Chapter 10 One-Way ANOVA

Next, let’s go over the one-way ANOVA, which is used when we have two or more independent groups. Specifically, the one-way ANOVA determines if there is a difference in any of the group level means. Given that the analysis can also be used for two independent groups, this analysis could be used instead of the independent samples t-test.

For example, let’s say that we were interested in determining if salary was significantly different for professors of different ranks (i.e., assistant professor, associate professor, and professor).

For this example, we will use the dataset: datasetSalaries.

As mentioned in the independent samples t-test, when dealing with categorical predictors, it is always good idea to check the coding scheme of the categorical variable.

contrasts(datasetSalaries$rank)

##                     2 3
## Assistant Professor 0 0
## Associate Professor 1 0
## Professor           0 1

10.1 Coding Categorical Variables

When coding categorical variables, the number of contrasts ($m$) is equal to $k-1$ where $k$ is the number of levels (or factors) of an IV. In our example, rank has 3 levels (i.e., Assistant Professor, Associate Professor, and Professor) and thus has 2 contrasts [^13].

This is the reason why in a one-way ANOVA, we have $k-1$ between degrees of freedom. Thus, contrasts are always being performed, either explicitly if told or using a software package’s default coding scheme (e.g., dummy coding for R) when testing a main effect of a categorical IV.

10.1.1 Dummy Coding

Since rank has not yet been explicitly defined by us yet, rank is dummy coded (i.e., for each contrast, a level is coded as 1 and all other levels are coded as 0).
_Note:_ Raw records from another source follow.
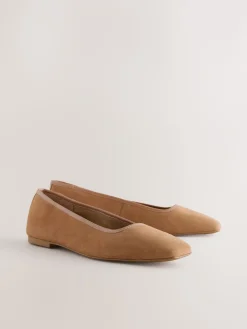 Best Next Marron fauve - Ballerines Forever Comfort® en cuir à bout carré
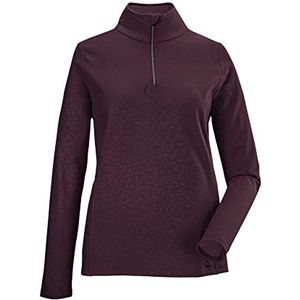 Killtec (KILAH) Women's Powerstretch overhemd met opstaande kraag en ritssluiting KSW 113 WMN LS SHRT, donkere pruim, 36, 38666-000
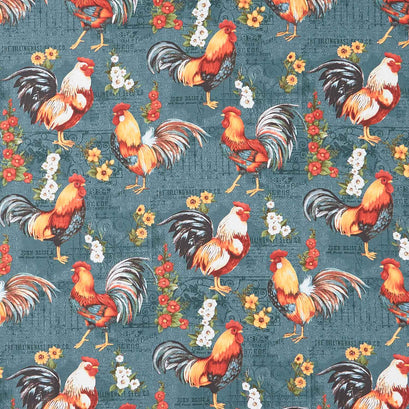 Garden Gate Roosters - Large All Over Teal Yardage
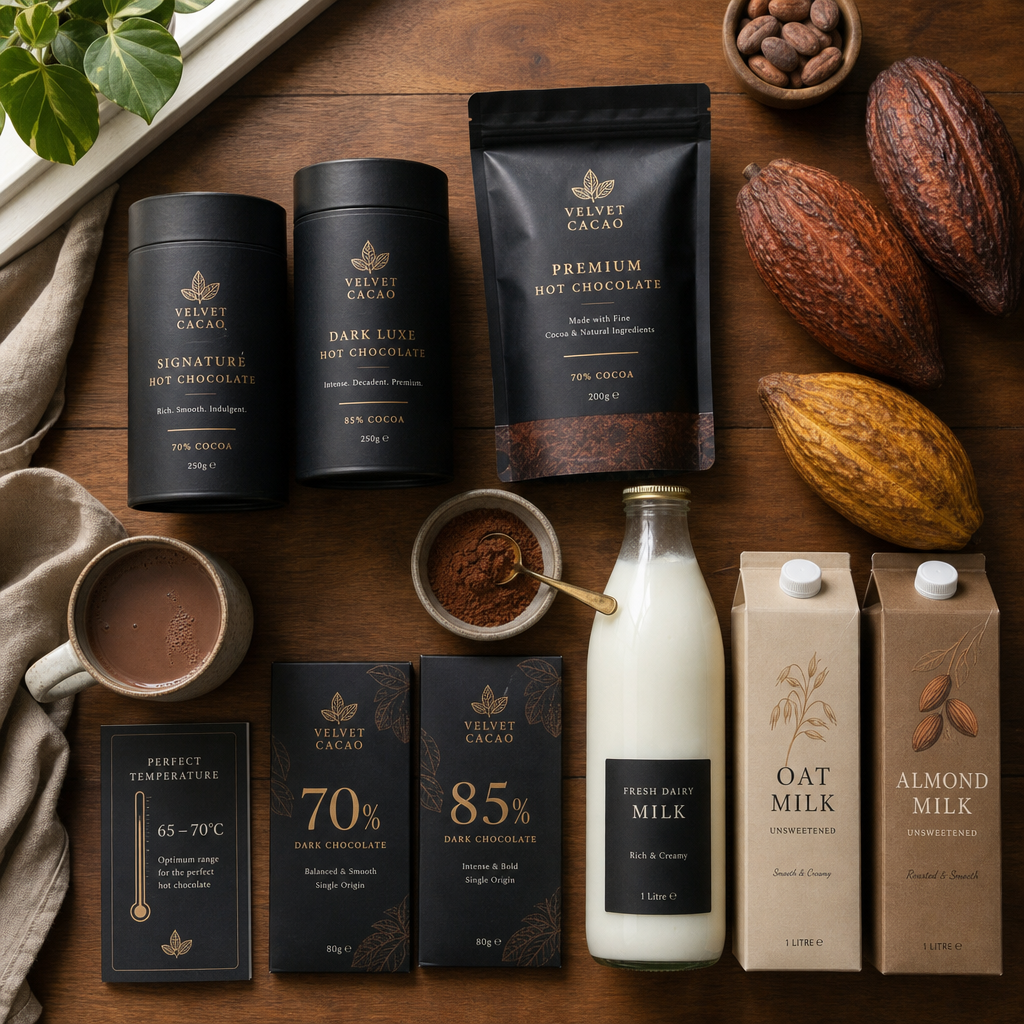 Premium hot chocolate ingredients and products including cocoa, chocolate, thermometer, and various milk options on wooden surface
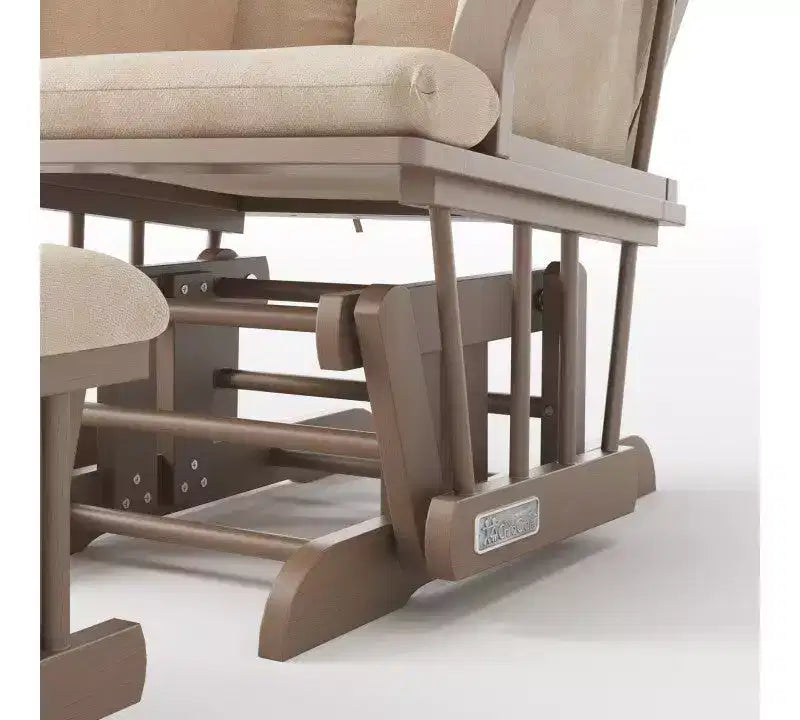 Cozy Glider Rocker and Ottoman Set, Padded Cushion with Storage Pockets, Solid Rubberwood Base & Frame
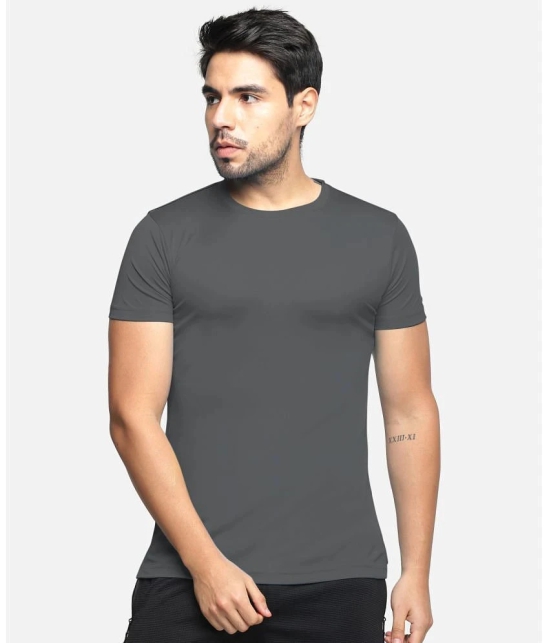 BULLMER - Dark Grey Cotton Blend Regular Fit Mens T-Shirt ( Pack of 1 ) - None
In dummy coding, one level will always be coded as 0 in both contrasts. By default, the first level of the categorical IV in alphabetical order will be coded as 0. Thus, in our example, Assistant Professor, which is the first level of rank in alphabetical order is coded as 0.

When interpreting dummy coding contrasts, for each contrast, it is the level that is coded as 1 compared to the level that is coded as 0 in both contrasts. In our dummy coding scheme, the first contrast is comparing Associate Professor, which is coded as 1 in the first contrast, to Assistant Professor, which is coded as 0 in both contrasts. The second contrast is comparing Professor, which is coded as 1 in the second contrast, to Assistant Professor, which is again coded as 0 in both contrasts.

10.1.2 Orthogonal Coding

However, a priori orthogonal contrast coding is preferred because this coding scheme allows us to create our own a priori contrasts of interest to answer more specific questions.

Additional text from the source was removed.